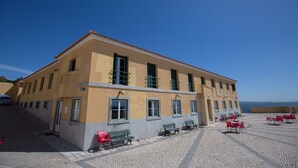 A building with a tiled patio, outdoor seating, and a view of the sea. - HI Oeiras - Pousada de Juventude - Hostel (Oeiras)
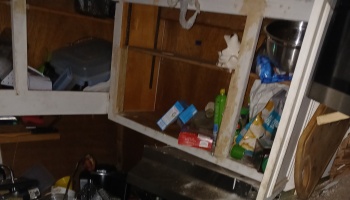Damaged, open wooden kitchen cabinets filled with scattered food boxes and household items.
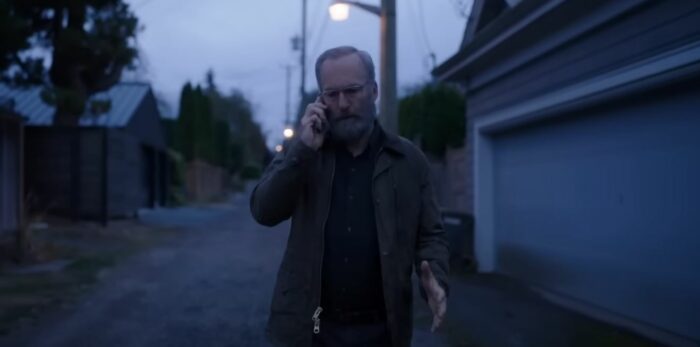 Bob Odenkirk walks down a dim street with a phone to his ear in Lucky Hank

### ASSIGNMENT
Without the pictures, transcribe the listing above exactly.

### PROBLEM SOLUTION
 A building with a tiled patio, outdoor seating, and a view of the sea. - HI Oeiras - Pousada de Juventude - Hostel (Oeiras)
Damaged, open wooden kitchen cabinets filled with scattered food boxes and household items.
 Bob Odenkirk walks down a dim street with a phone to his ear in Lucky Hank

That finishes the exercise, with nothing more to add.